DATASET ENTRIES

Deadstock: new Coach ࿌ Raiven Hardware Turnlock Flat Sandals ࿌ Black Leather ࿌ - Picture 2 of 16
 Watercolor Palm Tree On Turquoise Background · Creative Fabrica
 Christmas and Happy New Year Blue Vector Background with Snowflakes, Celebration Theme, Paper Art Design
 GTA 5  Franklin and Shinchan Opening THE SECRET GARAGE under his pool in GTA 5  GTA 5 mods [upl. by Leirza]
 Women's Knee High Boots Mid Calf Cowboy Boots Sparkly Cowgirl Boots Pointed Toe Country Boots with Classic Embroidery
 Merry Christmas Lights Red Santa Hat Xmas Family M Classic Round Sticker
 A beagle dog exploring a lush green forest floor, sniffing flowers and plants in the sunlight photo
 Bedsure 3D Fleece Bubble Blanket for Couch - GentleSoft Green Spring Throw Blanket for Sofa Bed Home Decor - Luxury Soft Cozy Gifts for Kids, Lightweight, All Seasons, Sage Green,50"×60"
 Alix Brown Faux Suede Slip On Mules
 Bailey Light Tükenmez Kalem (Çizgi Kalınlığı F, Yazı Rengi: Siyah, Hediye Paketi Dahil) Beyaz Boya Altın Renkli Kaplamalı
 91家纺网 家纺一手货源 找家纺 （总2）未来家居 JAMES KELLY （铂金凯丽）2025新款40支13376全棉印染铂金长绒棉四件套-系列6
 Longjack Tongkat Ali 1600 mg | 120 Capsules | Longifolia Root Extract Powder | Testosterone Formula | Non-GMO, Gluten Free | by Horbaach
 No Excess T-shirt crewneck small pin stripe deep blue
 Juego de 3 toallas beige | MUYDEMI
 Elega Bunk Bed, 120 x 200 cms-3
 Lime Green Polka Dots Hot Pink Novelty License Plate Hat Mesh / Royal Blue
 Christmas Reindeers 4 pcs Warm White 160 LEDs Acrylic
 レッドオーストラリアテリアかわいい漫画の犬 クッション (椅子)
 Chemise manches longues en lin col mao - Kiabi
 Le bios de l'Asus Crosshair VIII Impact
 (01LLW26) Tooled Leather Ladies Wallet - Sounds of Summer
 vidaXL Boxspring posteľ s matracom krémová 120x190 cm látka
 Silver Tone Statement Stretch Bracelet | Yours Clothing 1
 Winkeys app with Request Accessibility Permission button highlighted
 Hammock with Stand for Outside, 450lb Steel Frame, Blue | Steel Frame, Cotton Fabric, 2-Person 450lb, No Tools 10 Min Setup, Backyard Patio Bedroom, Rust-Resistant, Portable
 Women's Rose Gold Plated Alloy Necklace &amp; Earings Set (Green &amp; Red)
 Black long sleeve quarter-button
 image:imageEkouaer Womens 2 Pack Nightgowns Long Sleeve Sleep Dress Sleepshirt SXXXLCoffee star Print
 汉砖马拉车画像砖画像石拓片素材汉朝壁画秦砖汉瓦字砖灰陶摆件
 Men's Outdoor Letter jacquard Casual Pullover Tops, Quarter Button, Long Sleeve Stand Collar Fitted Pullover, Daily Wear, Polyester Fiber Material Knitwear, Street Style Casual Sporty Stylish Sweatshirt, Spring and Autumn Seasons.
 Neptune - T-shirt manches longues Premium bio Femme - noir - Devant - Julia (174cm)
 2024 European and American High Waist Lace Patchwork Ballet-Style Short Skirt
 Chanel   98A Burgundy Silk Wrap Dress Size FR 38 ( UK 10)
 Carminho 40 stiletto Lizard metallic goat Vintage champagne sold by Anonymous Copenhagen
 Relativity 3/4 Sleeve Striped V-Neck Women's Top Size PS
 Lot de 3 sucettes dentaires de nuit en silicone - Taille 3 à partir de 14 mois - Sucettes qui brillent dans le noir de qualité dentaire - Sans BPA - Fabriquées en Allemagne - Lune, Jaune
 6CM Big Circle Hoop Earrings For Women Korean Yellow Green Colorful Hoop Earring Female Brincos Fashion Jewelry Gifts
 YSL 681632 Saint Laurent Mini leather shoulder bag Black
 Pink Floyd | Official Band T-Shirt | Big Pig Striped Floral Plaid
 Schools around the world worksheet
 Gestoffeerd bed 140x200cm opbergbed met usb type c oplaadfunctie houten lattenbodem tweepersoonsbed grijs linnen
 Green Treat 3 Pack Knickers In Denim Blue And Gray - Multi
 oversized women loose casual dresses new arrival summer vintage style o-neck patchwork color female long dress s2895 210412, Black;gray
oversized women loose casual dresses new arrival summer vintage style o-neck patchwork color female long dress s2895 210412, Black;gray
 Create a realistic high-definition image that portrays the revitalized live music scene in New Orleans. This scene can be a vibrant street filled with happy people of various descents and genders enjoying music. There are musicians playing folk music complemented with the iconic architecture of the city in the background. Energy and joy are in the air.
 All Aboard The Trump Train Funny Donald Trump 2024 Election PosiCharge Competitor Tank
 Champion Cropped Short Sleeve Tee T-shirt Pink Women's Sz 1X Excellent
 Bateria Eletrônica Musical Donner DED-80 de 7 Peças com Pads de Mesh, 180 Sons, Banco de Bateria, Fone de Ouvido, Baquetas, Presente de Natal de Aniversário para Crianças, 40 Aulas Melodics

TASK TO CARRY OUT
Using the material above, retype every line without altering it.

RESULT FOR THIS TASK
Deadstock: new Coach ࿌ Raiven Hardware Turnlock Flat Sandals ࿌ Black Leather ࿌ - Picture 2 of 16
 Watercolor Palm Tree On Turquoise Background · Creative Fabrica
 Christmas and Happy New Year Blue Vector Background with Snowflakes, Celebration Theme, Paper Art Design
 GTA 5  Franklin and Shinchan Opening THE SECRET GARAGE under his pool in GTA 5  GTA 5 mods [upl. by Leirza]
 Women's Knee High Boots Mid Calf Cowboy Boots Sparkly Cowgirl Boots Pointed Toe Country Boots with Classic Embroidery
 Merry Christmas Lights Red Santa Hat Xmas Family M Classic Round Sticker
 A beagle dog exploring a lush green forest floor, sniffing flowers and plants in the sunlight photo
 Bedsure 3D Fleece Bubble Blanket for Couch - GentleSoft Green Spring Throw Blanket for Sofa Bed Home Decor - Luxury Soft Cozy Gifts for Kids, Lightweight, All Seasons, Sage Green,50"×60"
 Alix Brown Faux Suede Slip On Mules
 Bailey Light Tükenmez Kalem (Çizgi Kalınlığı F, Yazı Rengi: Siyah, Hediye Paketi Dahil) Beyaz Boya Altın Renkli Kaplamalı
 91家纺网 家纺一手货源 找家纺 （总2）未来家居 JAMES KELLY （铂金凯丽）2025新款40支13376全棉印染铂金长绒棉四件套-系列6
 Longjack Tongkat Ali 1600 mg | 120 Capsules | Longifolia Root Extract Powder | Testosterone Formula | Non-GMO, Gluten Free | by Horbaach
 No Excess T-shirt crewneck small pin stripe deep blue
 Juego de 3 toallas beige | MUYDEMI
 Elega Bunk Bed, 120 x 200 cms-3
 Lime Green Polka Dots Hot Pink Novelty License Plate Hat Mesh / Royal Blue
 Christmas Reindeers 4 pcs Warm White 160 LEDs Acrylic
 レッドオーストラリアテリアかわいい漫画の犬 クッション (椅子)
 Chemise manches longues en lin col mao - Kiabi
 Le bios de l'Asus Crosshair VIII Impact
 (01LLW26) Tooled Leather Ladies Wallet - Sounds of Summer
 vidaXL Boxspring posteľ s matracom krémová 120x190 cm látka
 Silver Tone Statement Stretch Bracelet | Yours Clothing 1
 Winkeys app with Request Accessibility Permission button highlighted
 Hammock with Stand for Outside, 450lb Steel Frame, Blue | Steel Frame, Cotton Fabric, 2-Person 450lb, No Tools 10 Min Setup, Backyard Patio Bedroom, Rust-Resistant, Portable
 Women's Rose Gold Plated Alloy Necklace &amp; Earings Set (Green &amp; Red)
 Black long sleeve quarter-button
 image:imageEkouaer Womens 2 Pack Nightgowns Long Sleeve Sleep Dress Sleepshirt SXXXLCoffee star Print
 汉砖马拉车画像砖画像石拓片素材汉朝壁画秦砖汉瓦字砖灰陶摆件
 Men's Outdoor Letter jacquard Casual Pullover Tops, Quarter Button, Long Sleeve Stand Collar Fitted Pullover, Daily Wear, Polyester Fiber Material Knitwear, Street Style Casual Sporty Stylish Sweatshirt, Spring and Autumn Seasons.
 Neptune - T-shirt manches longues Premium bio Femme - noir - Devant - Julia (174cm)
 2024 European and American High Waist Lace Patchwork Ballet-Style Short Skirt
 Chanel   98A Burgundy Silk Wrap Dress Size FR 38 ( UK 10)
 Carminho 40 stiletto Lizard metallic goat Vintage champagne sold by Anonymous Copenhagen
 Relativity 3/4 Sleeve Striped V-Neck Women's Top Size PS
 Lot de 3 sucettes dentaires de nuit en silicone - Taille 3 à partir de 14 mois - Sucettes qui brillent dans le noir de qualité dentaire - Sans BPA - Fabriquées en Allemagne - Lune, Jaune
 6CM Big Circle Hoop Earrings For Women Korean Yellow Green Colorful Hoop Earring Female Brincos Fashion Jewelry Gifts
 YSL 681632 Saint Laurent Mini leather shoulder bag Black
 Pink Floyd | Official Band T-Shirt | Big Pig Striped Floral Plaid
 Schools around the world worksheet
 Gestoffeerd bed 140x200cm opbergbed met usb type c oplaadfunctie houten lattenbodem tweepersoonsbed grijs linnen
 Green Treat 3 Pack Knickers In Denim Blue And Gray - Multi
 oversized women loose casual dresses new arrival summer vintage style o-neck patchwork color female long dress s2895 210412, Black;gray
oversized women loose casual dresses new arrival summer vintage style o-neck patchwork color female long dress s2895 210412, Black;gray
 Create a realistic high-definition image that portrays the revitalized live music scene in New Orleans. This scene can be a vibrant street filled with happy people of various descents and genders enjoying music. There are musicians playing folk music complemented with the iconic architecture of the city in the background. Energy and joy are in the air.
 All Aboard The Trump Train Funny Donald Trump 2024 Election PosiCharge Competitor Tank
 Champion Cropped Short Sleeve Tee T-shirt Pink Women's Sz 1X Excellent
 Bateria Eletrônica Musical Donner DED-80 de 7 Peças com Pads de Mesh, 180 Sons, Banco de Bateria, Fone de Ouvido, Baquetas, Presente de Natal de Aniversário para Crianças, 40 Aulas Melodics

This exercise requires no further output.